14. Like “Either/Or,” “Ode To The Bayoneted Soldier” meanders within one of the suckiest parts of human conflict, war:

In the woods beside the snowy
field, the footprints

15. Christopher, in his response to the book earlier here at Vouched, mentioned that overwhelming feeling of “what does anything matter,” and did a great job of exemplifying how Mullany’s poems connected to him and this question.

16. Looking at “Important,” which was the first poem Christopher singled out, I’d say that Mullany’s poems again and again, for this reader at least, point out that what matters depends on the person, but some things (should?) matter to nearly everyone, like art or war or death.

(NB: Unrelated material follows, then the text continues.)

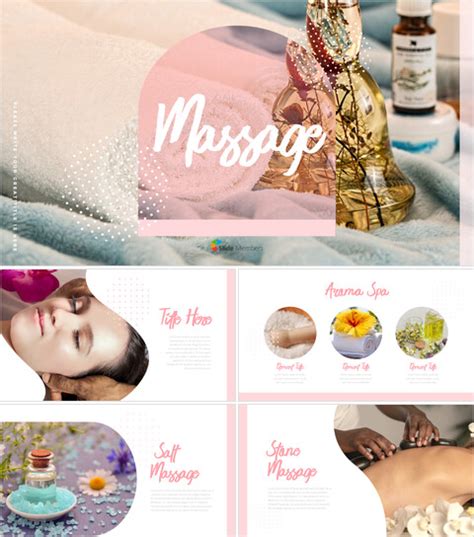 20 Massage PPT Templates Google Slides Slide Members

17. The poems in If I Falter At The Gallows snips the most affecting bits from these BIG THINGS and spreads them out where the reader can roam around.

18. Realization is beautiful.

If I Falter at the Gallows by Edward Mullany

25 Oct

If I Falter at the Gallows
Edward Mullany
Publishing Genius Press, 83 pages, $12

The first book I ever read from Publishing Genius Press was Easter Rabbit by Joseph Young, a book of sparse, tight microfiction. I read the book in a single sitting. It wasn’t just for the contest. I remember distinctly the feeling of language bending. One of my favorite things about Publishing Genius is how often their books force me to reimagine and rearrange my ideas of what language can and should be, what language can and should do.

I sat down to read Edward Mullany’s If I Falter at the Gallows at 11:15 last night. At 12:04, I finished. My cat was asleep against my leg. The house was quiet and dim. A feeling of futility wrestled at my arms and chest. I wanted to read Ecclesiastes, but I didn’t want to wake my cat. I wanted to do a lot of things, but didn’t want to wake my cat. Against all the futility I felt, there was something purposeful in its slow, plodding breath.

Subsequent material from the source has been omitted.